12/10/10

Titik (tidak bisa) Balik

Sudah lama saya melakukan layout buku ini, Titik (tidak bisa) Balik, ditulis oleh seorang entrepreneur Basri Adhi. Banyak sekali cerita-cerita yang meyakinkan saya; untuk terus berusaha, tuhan yang menentukan.


Basri Adhi adalah pemilik waralaba Misterblek, yang disebut-sebut sakit jiwa oleh teman-temannya.
“Mengapa memilih membuka usaha sendiri yang tidak pasti masa depan­nya, daripada bertahan sebagai general manager de­ngan gaji dan fasilitas menawan.”

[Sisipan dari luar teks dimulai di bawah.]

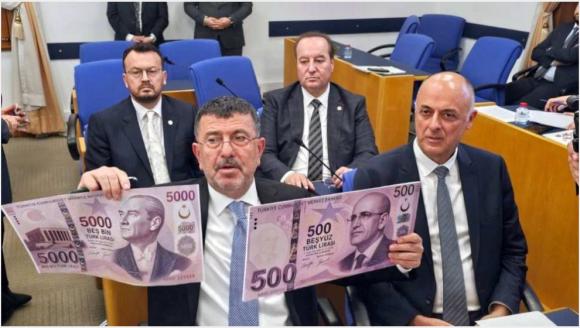 Bazı AKP'li Vekillere Göre Ağbaba, Bastığı 'Sahte Para'larla!.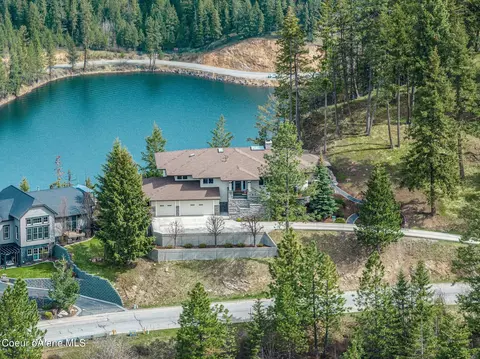 3647 E Sky Harbor Dr, Coeur D'alene, ID 83814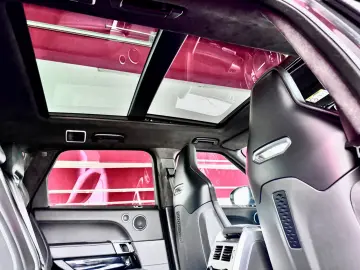 Range Rover Sport SVR Carbon Edition Pano 22Zoll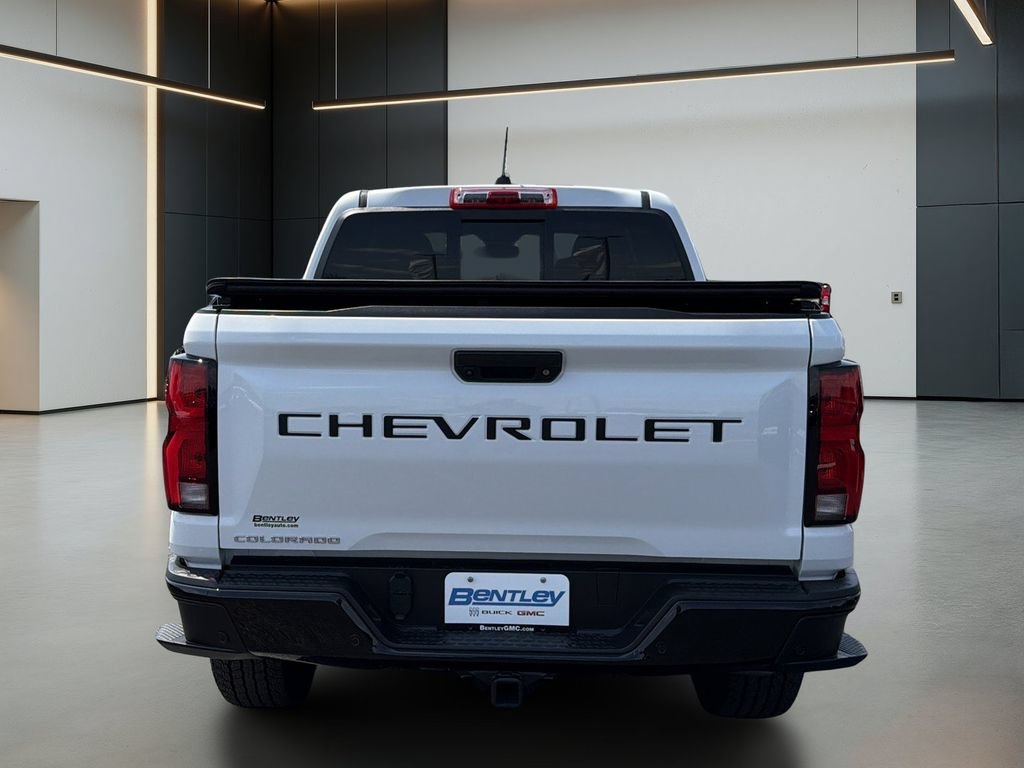 Certified 2025 Chevrolet Colorado Z71 w/ Technology Package AWD/4WD image 6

Dari seorang pekerja kantoran nekat memutar haluan menjadi seorang wirausahawan. Alasannya sederhana,termotivasi oleh seorang penjual burger kelas pinggiran jalan.

Berikut penjelasan sang istri, Driffaroza Parmy, di akhir buku ini.

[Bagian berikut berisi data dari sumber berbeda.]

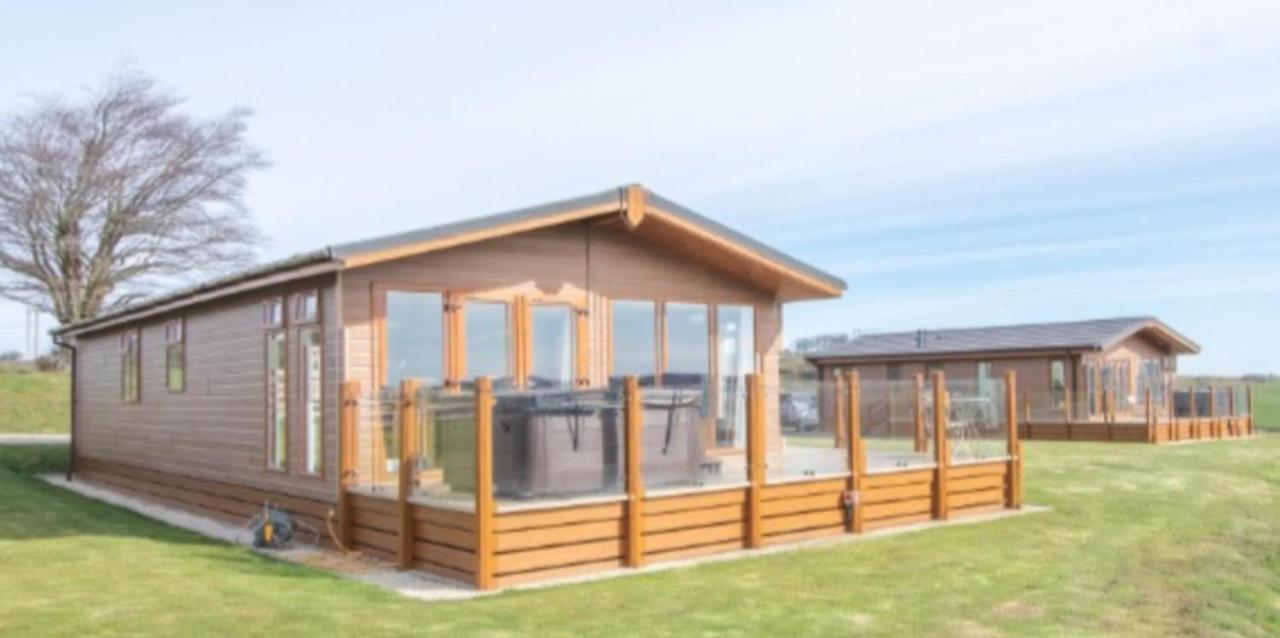 Luxury Family Beechwood Lodge With Hot Tub Lochwinnoch Exterior photo
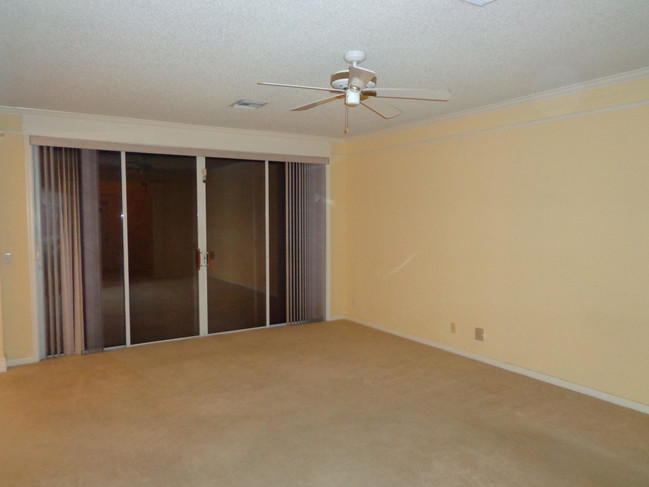 Foto del edificio - 9783 N Grand Duke Circle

Saya mengenalnya ketika kami sama-sama berkuliah di IPB, kelak karena merasa banyak kecocokan, kami memutuskan menikah pada April 1998. Basri Adhi, lahir tepat di akhir bulan Juni 1971 dari pasangan yang bersahaja: Bapak Suwito (almarhum) dan Ibu Sri Hartuti, di sebuah sudut teduh di Kota Semarang yang terkenal panas. Anak pertama dari empat bersaudara ini melalui masa kecilnya dengan biasa saja. Tidak ada prestasi yang menonjol, kecuali bahwa nilai akademisnya tidak terlalu ketinggalan dibandingkan teman-teman sekelasnya.
Dari orang tua yang “hanya pegawai negeri biasa”, masa kecil Basri -begitu dia biasa disapa- melalui masa SD hingga SMA-nya dalam kalangan yang juga “tidak luar biasa”. Berangkat pulang sekolah berjalan kaki, dan naik bus kota ketika SMA. Tidak ada yang istimewa.

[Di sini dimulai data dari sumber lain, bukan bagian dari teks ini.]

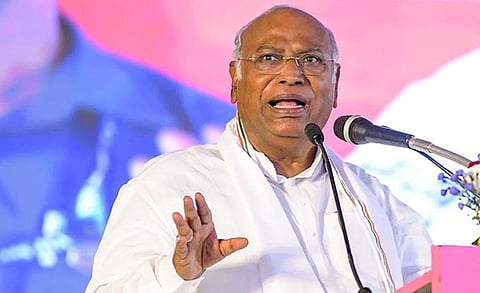 ஒவ்வொரு இந்தியரும் எங்கள் ஓட்டு வங்கிதான்: கார்கே பதில்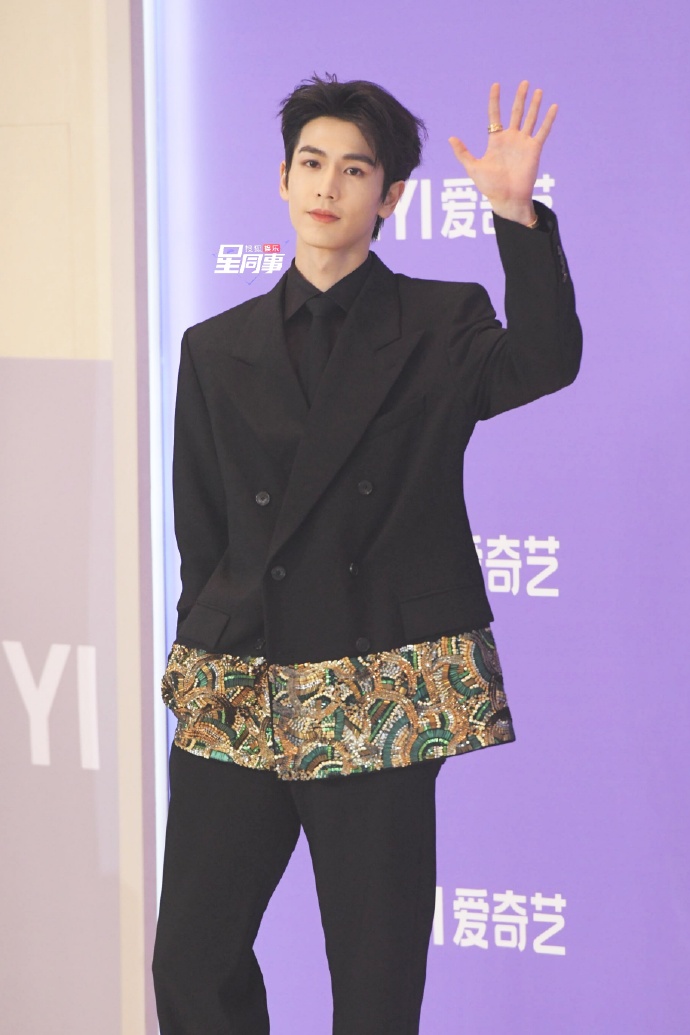 007jsrwsly1i819s38gw8j31et247h4v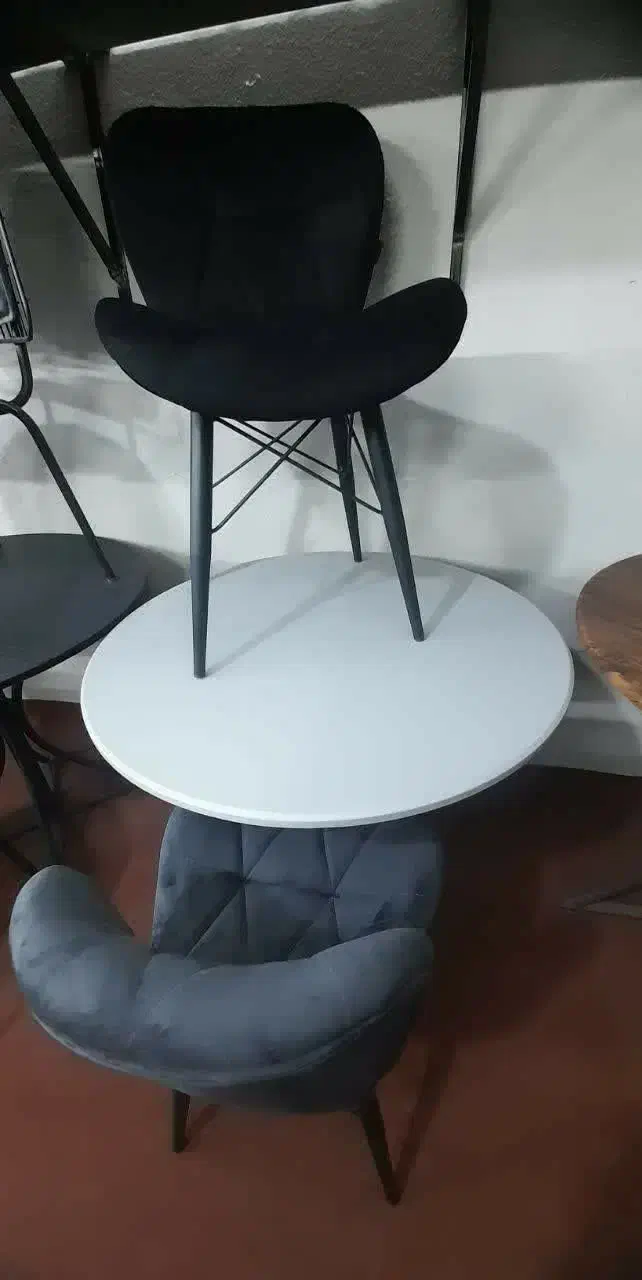 صندلی کارولین تشک مشکی کد ۹. مجموعه بزرگ دوستان|کافیشاپ و رستوران|حمیدیا, |دیوار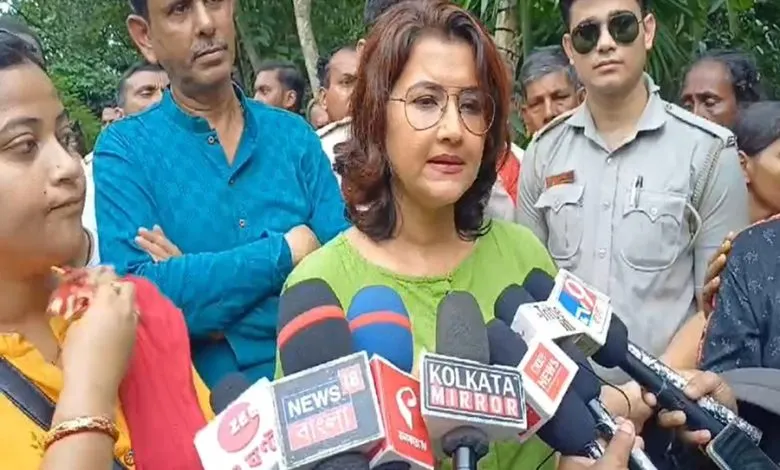 কুইন্টাল কুইন্টাল জল ছেড়েছে ডিভিসি', ফের বেফাঁস মন্তব্য রচনার | Truth Of  Bengal | Latest Bengali News Headlines | বাংলার খবর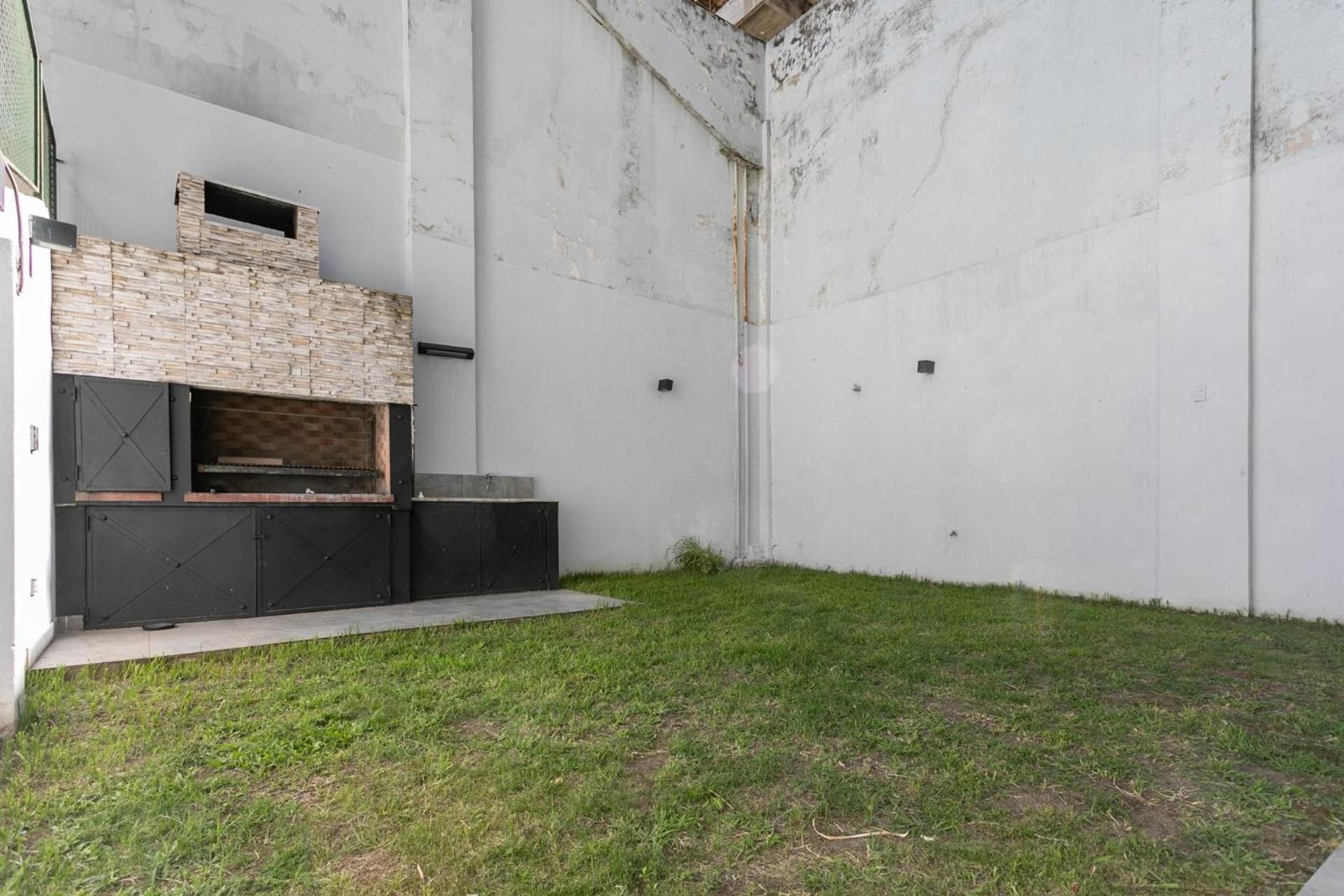 Hermoso Depto Para 4 Personas En Almagro Con Patio Privado Apartamento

Tahun 1989, Basri dinyatakan diterima di IPB, dan inilah titik balik kehidupannya. Berpisah dari orang tua untuk memperjuangkan cita-citanya. Aktivi­tas­nya di IPB –sepanjang yang saya tahu- cukup me­nonjol, dari kegiatan Himpunan Mahasiswa dan Senat diikutinya, dengan minat terbesar di bidang jurnalisme mahasiswa. Minat inilah yang membawa kariernya terseret arus yang jauh dari dunia pertanian: sebagai Ahli Pemasaran Media Cetak.
Kariernya dimulai tahun 1994 sebagai Sales Exe­cutive di Harian Republika, dan terus menanjak se­iring banyak perusahaan media cetak terkemuka yang disinggahinya: TEMPO, Grup KOMPAS, dan posisi ter­akhir sebagai General Manager Marketing di Harian Se­putar Indonesia adalah puncak karirnya.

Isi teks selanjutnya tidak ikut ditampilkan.